### RECORDS TO PROCESS
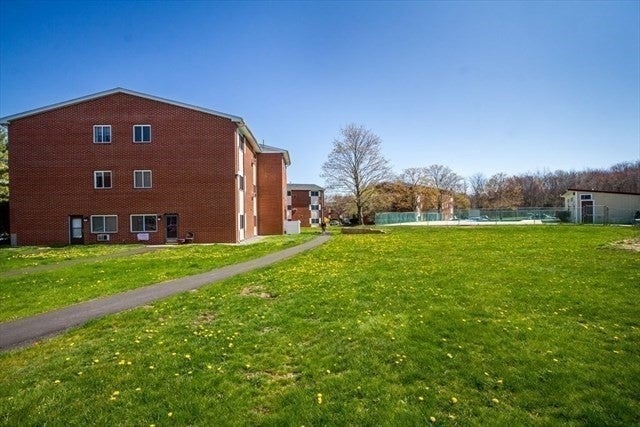 18 Dailey St #L, Attleboro, MA Photo #8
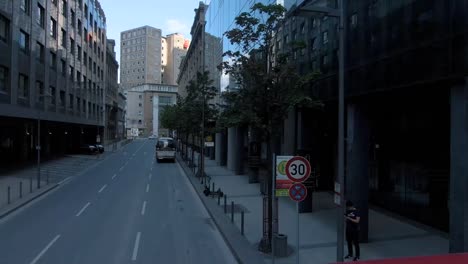 Flying-through-the-streets-of-Frankfurt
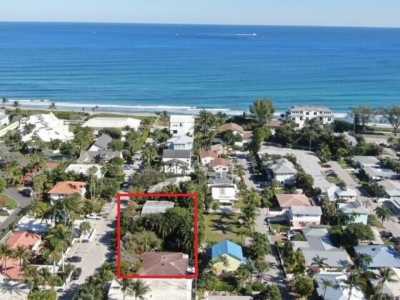 Home For Sale in Ocean Ridge, Florida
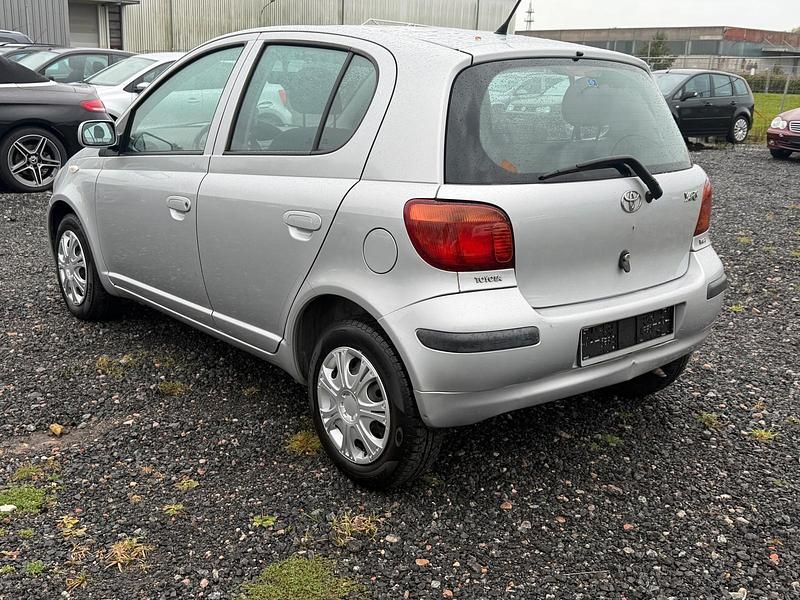 Gebraucht Toyota Yaris Sol 66 PS (48 kW) 2005 Silber Kleinwagen
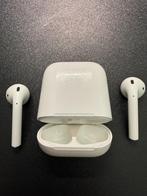 Apple AirPods inclusief originele oplaadcase, Ophalen of Verzenden, Gebruikt, In oorschelp (earbud), Bluetooth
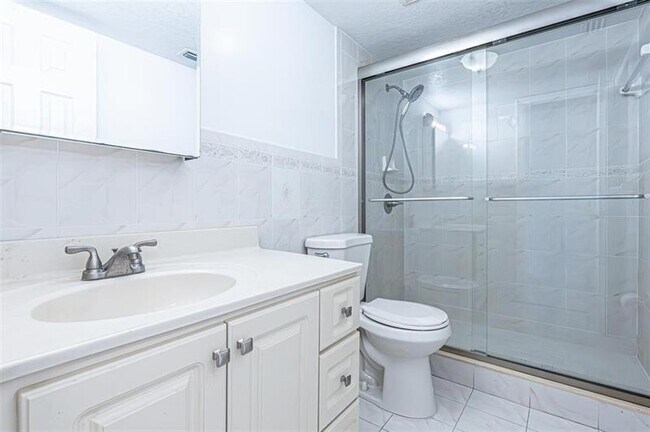 Building Photo - 1470 W 41st St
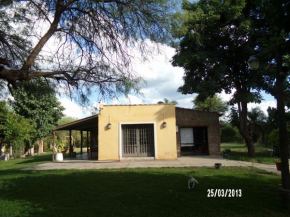 Casa de verano con pileta en la quebrada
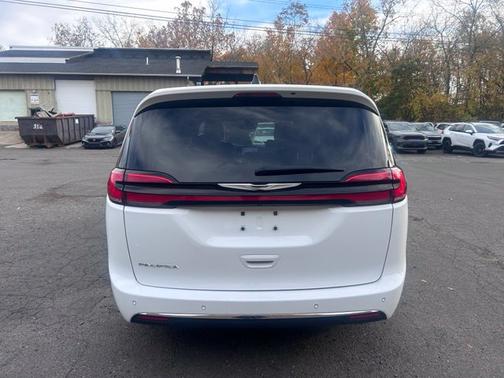 Bright White Clearcoat 2025 Chrysler Pacifica Select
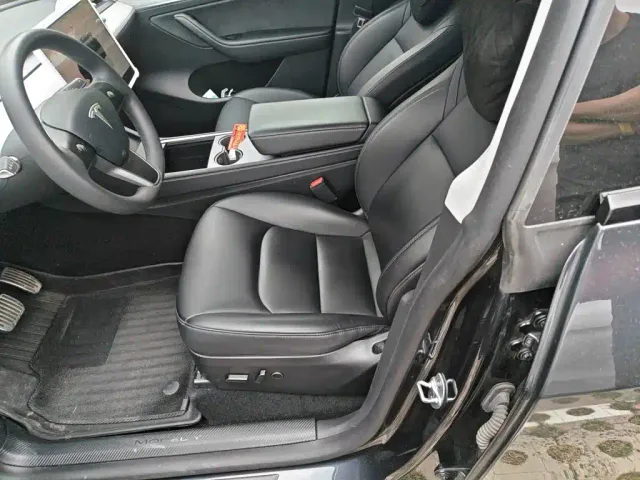 Tesla Model Y — Фото автомобиля 12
######
[WHAT IS BEING ASKED] With images omitted, retype the data word for word.

[WRITTEN SOLUTION]
 18 Dailey St #L, Attleboro, MA Photo #8
 Flying-through-the-streets-of-Frankfurt
 Home For Sale in Ocean Ridge, Florida
 Gebraucht Toyota Yaris Sol 66 PS (48 kW) 2005 Silber Kleinwagen
 Apple AirPods inclusief originele oplaadcase, Ophalen of Verzenden, Gebruikt, In oorschelp (earbud), Bluetooth
 Building Photo - 1470 W 41st St
 Casa de verano con pileta en la quebrada
 Bright White Clearcoat 2025 Chrysler Pacifica Select
 Tesla Model Y — Фото автомобиля 12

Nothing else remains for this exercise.